(Beginning of DATA FOR THIS TASK)

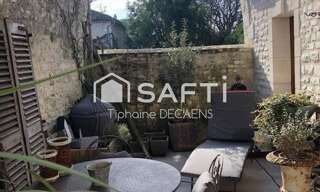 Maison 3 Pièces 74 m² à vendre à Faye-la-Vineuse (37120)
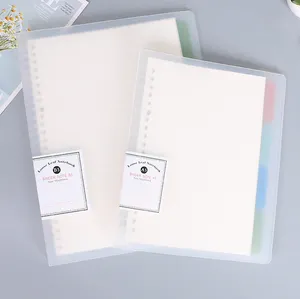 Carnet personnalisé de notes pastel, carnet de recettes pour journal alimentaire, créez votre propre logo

(End of DATA FOR THIS TASK)
(Beginning of DATA FOR THIS TASK)

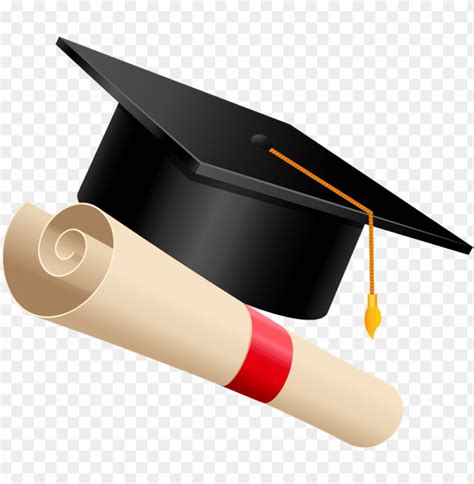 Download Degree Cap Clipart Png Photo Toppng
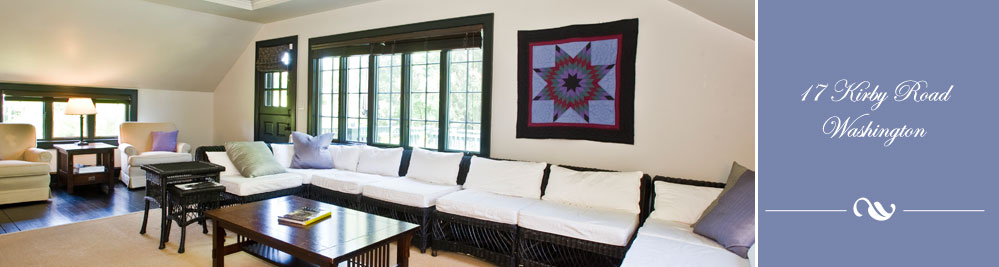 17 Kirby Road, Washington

(End of DATA FOR THIS TASK)
(Beginning of DATA FOR THIS TASK)

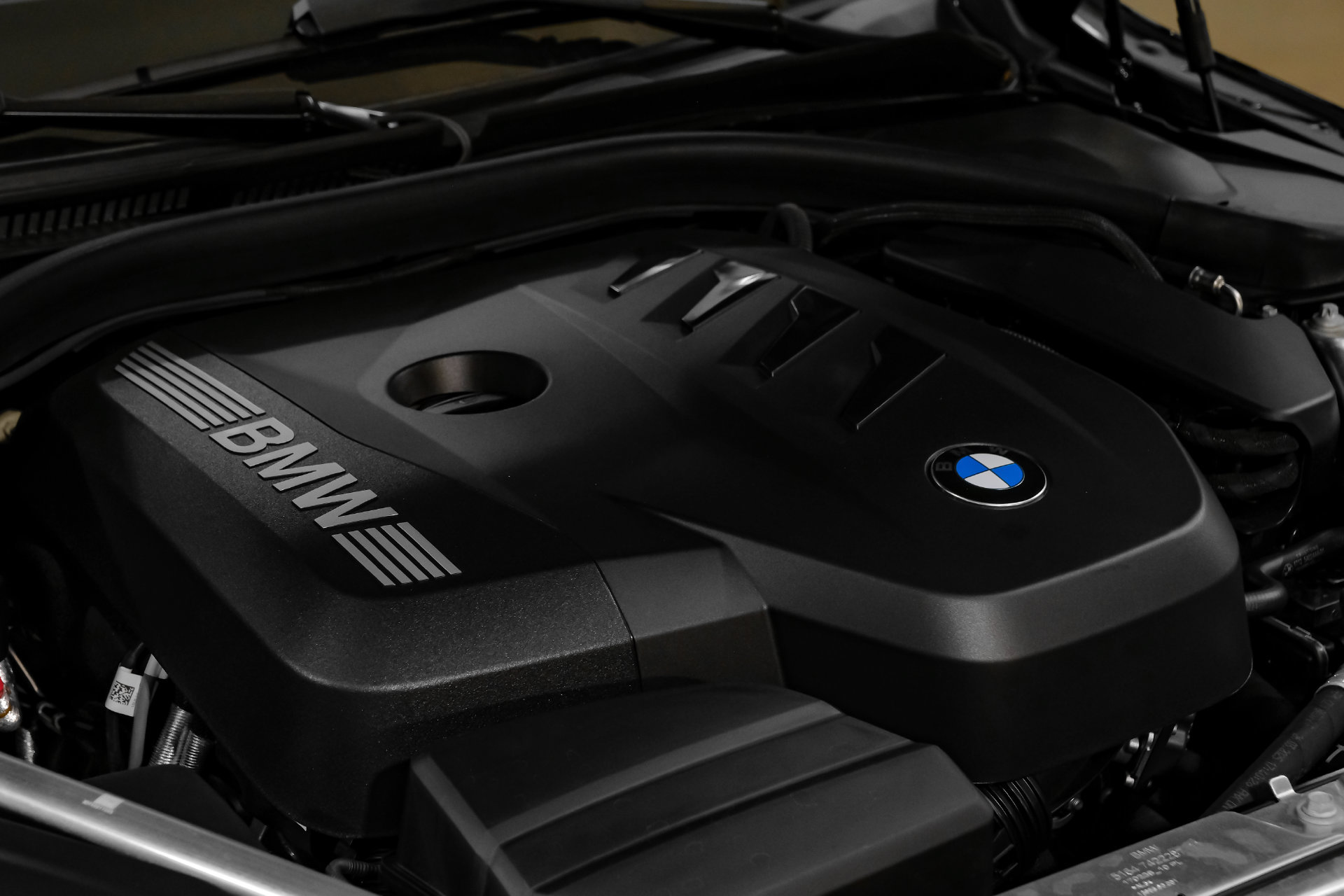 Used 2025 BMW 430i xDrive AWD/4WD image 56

(End of DATA FOR THIS TASK)

→ **YOUR INSTRUCTIONS**
What belongs in the answer is each line above from the line with "Maison 3 Pièces" to the line with "Carnet personnalisé de", inclusive, reproduced exactly and free of pictures.

→ **RESPONSE**
 Maison 3 Pièces 74 m² à vendre à Faye-la-Vineuse (37120)
 Carnet personnalisé de notes pastel, carnet de recettes pour journal alimentaire, créez votre propre logo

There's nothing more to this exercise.